Japanese video streaming service

NHK One (stylized as NHK ONE) is NHK's official streaming service. It provides simulcasts and already-carried programs carried by the corporation's radio and television networks.

==Background==
NHK One was announced in June 2025 as the replacement service to NHK+ with an October 1 launch date. The service was created from the merger of NHK's existing apps (NHK+, For School, News and Bosai) as well as Rajiru Rajiru and Gokaku, a language app. The name was selected from among approximately 760 suggestions from NHK staff.

The service's provisional promotional mascot was Wanwan, from Inai Inai Baa!, with the pre-launch aim of making the service accessible for families. Days ahead of the launch of the new service, a specific mascot was created, NHK One Domo-kun, a variation of its corporate mascot.

On October 1, 2025, users were advised to reinstall the previous apps (NHK+, News and Bosai, For School) to carry the new NHK ONE update.

The service started using fee contracts from November 18, 2025, in order to combat illegal use of the service. By October 13, 1.68 million users had applied for their contracts.

On March 30, 2026, coinciding with the restructuring of NHK's radio offer, the NHK One brand was attached to Radiru Radiru.

==Criticism==
===Criticism on content restrictions===
As internet access became mandatory, restrictions were placed on access to NHK’s online content. In the lead-up to the launch of NHK One, the broadcaster gradually discontinued several services, including NHK News Web, its video offerings on YouTube, the NHK Archives Portal and their respective smartphone apps.

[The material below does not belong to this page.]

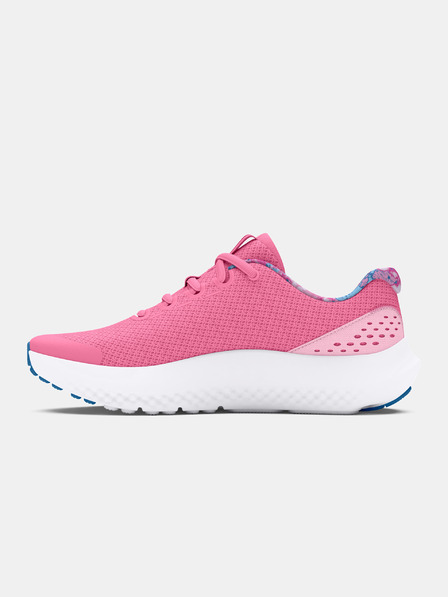 Under Armour Dívčí boty Under Armour UA GGS Surge 4 Print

The decision to shut down these services drew criticism from users and industry observers.

===Problems with verification e-mails===
Immediately after the opening of the new NHK One service at 12 am on October 1, 2025, some users had problems as they did not receive the verification e-mails to join the service, or with the verification code not being recognized by the system.

NHK issued apologies on its website and several shows, justifying the issue on the large number of verification e-mails being labelled as spam by Google, especially among users of its e-mail service Gmail.

The issue was solved at around 12 pm on October 2.